In $X \sim \text{N}(\mu, \sigma^{2})$, $\mu$ is the mean and $\sigma^{2}$ is the variance.

Standardization: if $X \sim \text{N}(\mu, \sigma^{2})$, then \[Z = \frac{X - \mu}{\sigma} \sim \text{N}(0, 1)\]

Summary: $X \sim \text{N}(\mu, \sigma^{2})$:

$\mu$: where the curve is centered at
$\sigma$: how spread out the curve is
95% chance $X \in \mu \pm 2\sigma$

Multivariate normal distribution

\[(X, Y) \sim \text{N}_{2}(\boldsymbol{\mu}, \Sigma)\]

$\boldsymbol{\mu}$: vector of marginal locations for $X$ and $Y$
$\Sigma$: matrix with marginal variances for $X$ and $Y$ and with their correlation

\[P(X \in A, Y \in B) = \int_{A} \int_{B} f(x, y)\ dxdy\]

Multivariate normal distribution

The marginal distributions of a bivariate normal distribution are normal distributions themselves!

How to compute a marginal from the joint?

\[f_{X}(x) = \int_{\mathcal{Y}} f_{(X, Y)}(x, y) \ dy,\] where $\mathcal{Y}$ is the domain of the random variable $Y$ relative to $X = x$.

Check out this example.

Expectation, Variance, Correlation

\[\begin{split} &E[X] = \int x \cdot f(x) \ dx \\ &\text{Var}[X] = \int x^{2} \cdot f(x) \ dx - (E[X])^{2} \end{split}\]

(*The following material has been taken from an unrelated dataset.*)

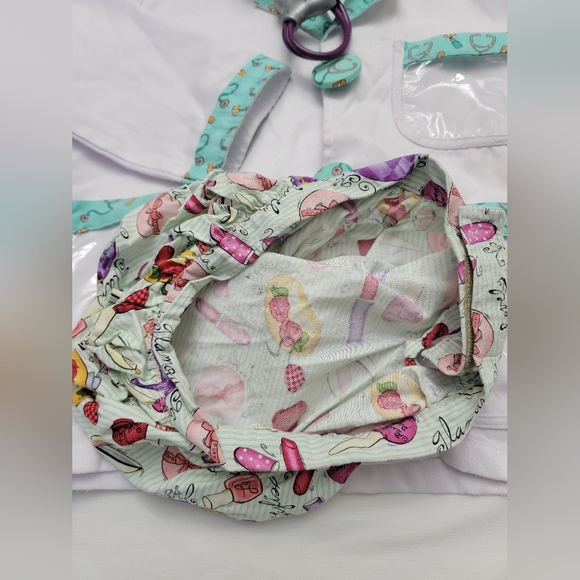 Melissa and Doug Doctor Coat with Extra accessories - Picture 5 of 8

You will practice all these calculations in the homework!

Correlation

It measures the linear relationship between two random variables.

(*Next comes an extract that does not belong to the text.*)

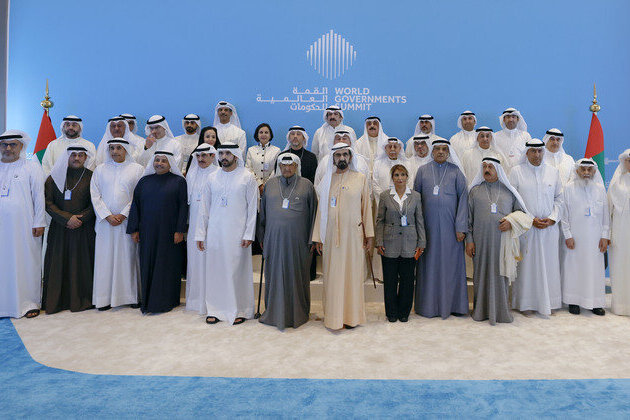 Mohammed bin Rashid meets with Kuwaiti businessmen attending UAE-Kuwait Economic Forum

\[\rho = \text{Cor}(X, Y) = \iint x y \cdot f(x, y) \ dx dy - E[X] E[Y]\]

More on this when we talk about linear regression.

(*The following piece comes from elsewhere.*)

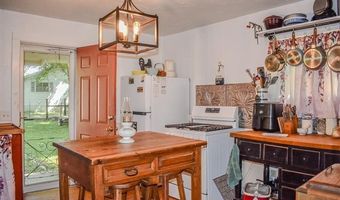 207 SE 2nd St, Antlers, OK 74523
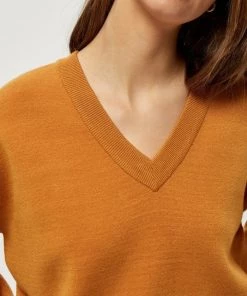 PEPPERCORN LIA Pullover Spruce Yellow Femme 7 PEPPERCORN LIA Pullover Spruce Yellow Femme -Promos PEPPERCORN Magasin 0e058238aa5d47d58ef4e678e6a2b7c7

If two variables are independent, then $\rho = 0$.

The converse is NOT true.

Why is this even important?

Supervised learning: study of how $Y$ varies with $X$!

Statistical Inference

Statistical inference

Until now, we have supposed to know the probabilities associated to random events.

In practice, we do not know them, but we have data. The role of a statistician is to assume a statistical model, and estimate its optimal parameters given the data.

One way of doing it is maximum likelihood. More on this in the first homework!

Not only we are interested in the optimal parameters of a statistical model. We might also want to quantify the uncertainty around them: confidence intervals!

Example

We assume that the data are independent and identically distributed as a normal distribution: the likelihood is \[L_{\theta}(x_{1}, \dots, x_{n}) = p(x_{1} \mid \theta) \cdot \dots \cdot p(x_{n} \mid \theta)\]

Statistical inference

Steps:

We want to infer a parameter, say $\mu$, representing the height of the UT college population
We collect a sample of data of UT students, $x_1, \dots, x_n$
We compute an estimate, in this case the average $\bar{x}$. This represents the exact average height in my sample, NOT the true mean height of the population
To quantify uncertainty, we calculate a CI, in this case $\left[\bar{x} + t_{\alpha/2,n-1} \frac{s_n}{\sqrt{n}}; \bar{x} + t_{1 - \alpha/2,n-1} \frac{s_n}{\sqrt{n}}\right]$, where $\alpha$ is the significance level

If we were to repeat the procedure $100$ times, $\mu$ would be in the CI approximately 95 times out of 100 (in the case $\alpha = 5\%$).